-------- MATERIAL PROVIDED
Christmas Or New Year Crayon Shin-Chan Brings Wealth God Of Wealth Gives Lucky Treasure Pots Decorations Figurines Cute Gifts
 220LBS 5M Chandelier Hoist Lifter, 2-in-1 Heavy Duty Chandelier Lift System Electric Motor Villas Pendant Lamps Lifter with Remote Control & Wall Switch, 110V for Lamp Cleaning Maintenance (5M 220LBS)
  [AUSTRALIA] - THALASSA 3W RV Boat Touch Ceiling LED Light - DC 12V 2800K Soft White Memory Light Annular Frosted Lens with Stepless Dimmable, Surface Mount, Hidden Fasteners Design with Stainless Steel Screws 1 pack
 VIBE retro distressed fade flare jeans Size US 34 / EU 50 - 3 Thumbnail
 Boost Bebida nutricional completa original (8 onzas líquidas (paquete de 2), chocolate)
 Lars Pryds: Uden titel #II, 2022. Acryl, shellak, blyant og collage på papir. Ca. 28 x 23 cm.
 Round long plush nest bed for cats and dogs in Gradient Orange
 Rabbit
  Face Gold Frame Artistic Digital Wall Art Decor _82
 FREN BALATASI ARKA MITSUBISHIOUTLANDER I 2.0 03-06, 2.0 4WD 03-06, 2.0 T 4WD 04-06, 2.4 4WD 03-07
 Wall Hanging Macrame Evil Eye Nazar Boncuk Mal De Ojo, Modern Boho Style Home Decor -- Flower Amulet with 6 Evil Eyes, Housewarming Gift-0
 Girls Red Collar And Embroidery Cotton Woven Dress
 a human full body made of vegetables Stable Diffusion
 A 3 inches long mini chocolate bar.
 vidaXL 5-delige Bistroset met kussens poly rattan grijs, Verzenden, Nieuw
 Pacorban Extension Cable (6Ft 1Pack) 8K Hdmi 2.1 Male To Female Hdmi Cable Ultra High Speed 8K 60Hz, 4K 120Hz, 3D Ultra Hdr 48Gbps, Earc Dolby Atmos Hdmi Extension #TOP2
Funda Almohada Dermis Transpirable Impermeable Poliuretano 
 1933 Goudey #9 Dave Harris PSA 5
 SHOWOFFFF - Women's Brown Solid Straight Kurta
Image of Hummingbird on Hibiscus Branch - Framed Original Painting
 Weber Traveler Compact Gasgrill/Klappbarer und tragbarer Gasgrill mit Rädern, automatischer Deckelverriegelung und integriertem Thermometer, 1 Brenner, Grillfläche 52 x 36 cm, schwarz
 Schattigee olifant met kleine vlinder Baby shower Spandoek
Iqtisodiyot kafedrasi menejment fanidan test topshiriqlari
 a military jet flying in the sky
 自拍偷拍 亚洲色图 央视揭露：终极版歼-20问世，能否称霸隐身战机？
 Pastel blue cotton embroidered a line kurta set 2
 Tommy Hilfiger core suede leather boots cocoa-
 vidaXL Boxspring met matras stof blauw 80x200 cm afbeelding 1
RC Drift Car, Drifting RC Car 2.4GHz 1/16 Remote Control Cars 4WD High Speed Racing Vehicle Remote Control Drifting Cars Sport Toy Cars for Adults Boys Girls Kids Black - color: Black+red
----------------
WHAT YOU SHOULD DO: Write out all of the records exactly as they stand above.

SOLVED EXERCISE:
Christmas Or New Year Crayon Shin-Chan Brings Wealth God Of Wealth Gives Lucky Treasure Pots Decorations Figurines Cute Gifts
 220LBS 5M Chandelier Hoist Lifter, 2-in-1 Heavy Duty Chandelier Lift System Electric Motor Villas Pendant Lamps Lifter with Remote Control & Wall Switch, 110V for Lamp Cleaning Maintenance (5M 220LBS)
  [AUSTRALIA] - THALASSA 3W RV Boat Touch Ceiling LED Light - DC 12V 2800K Soft White Memory Light Annular Frosted Lens with Stepless Dimmable, Surface Mount, Hidden Fasteners Design with Stainless Steel Screws 1 pack
 VIBE retro distressed fade flare jeans Size US 34 / EU 50 - 3 Thumbnail
 Boost Bebida nutricional completa original (8 onzas líquidas (paquete de 2), chocolate)
 Lars Pryds: Uden titel #II, 2022. Acryl, shellak, blyant og collage på papir. Ca. 28 x 23 cm.
 Round long plush nest bed for cats and dogs in Gradient Orange
 Rabbit
  Face Gold Frame Artistic Digital Wall Art Decor _82
 FREN BALATASI ARKA MITSUBISHIOUTLANDER I 2.0 03-06, 2.0 4WD 03-06, 2.0 T 4WD 04-06, 2.4 4WD 03-07
 Wall Hanging Macrame Evil Eye Nazar Boncuk Mal De Ojo, Modern Boho Style Home Decor -- Flower Amulet with 6 Evil Eyes, Housewarming Gift-0
 Girls Red Collar And Embroidery Cotton Woven Dress
 a human full body made of vegetables Stable Diffusion
 A 3 inches long mini chocolate bar.
 vidaXL 5-delige Bistroset met kussens poly rattan grijs, Verzenden, Nieuw
 Pacorban Extension Cable (6Ft 1Pack) 8K Hdmi 2.1 Male To Female Hdmi Cable Ultra High Speed 8K 60Hz, 4K 120Hz, 3D Ultra Hdr 48Gbps, Earc Dolby Atmos Hdmi Extension #TOP2
Funda Almohada Dermis Transpirable Impermeable Poliuretano 
 1933 Goudey #9 Dave Harris PSA 5
 SHOWOFFFF - Women's Brown Solid Straight Kurta
Image of Hummingbird on Hibiscus Branch - Framed Original Painting
 Weber Traveler Compact Gasgrill/Klappbarer und tragbarer Gasgrill mit Rädern, automatischer Deckelverriegelung und integriertem Thermometer, 1 Brenner, Grillfläche 52 x 36 cm, schwarz
 Schattigee olifant met kleine vlinder Baby shower Spandoek
Iqtisodiyot kafedrasi menejment fanidan test topshiriqlari
 a military jet flying in the sky
 自拍偷拍 亚洲色图 央视揭露：终极版歼-20问世，能否称霸隐身战机？
 Pastel blue cotton embroidered a line kurta set 2
 Tommy Hilfiger core suede leather boots cocoa-
 vidaXL Boxspring met matras stof blauw 80x200 cm afbeelding 1
RC Drift Car, Drifting RC Car 2.4GHz 1/16 Remote Control Cars 4WD High Speed Racing Vehicle Remote Control Drifting Cars Sport Toy Cars for Adults Boys Girls Kids Black - color: Black+red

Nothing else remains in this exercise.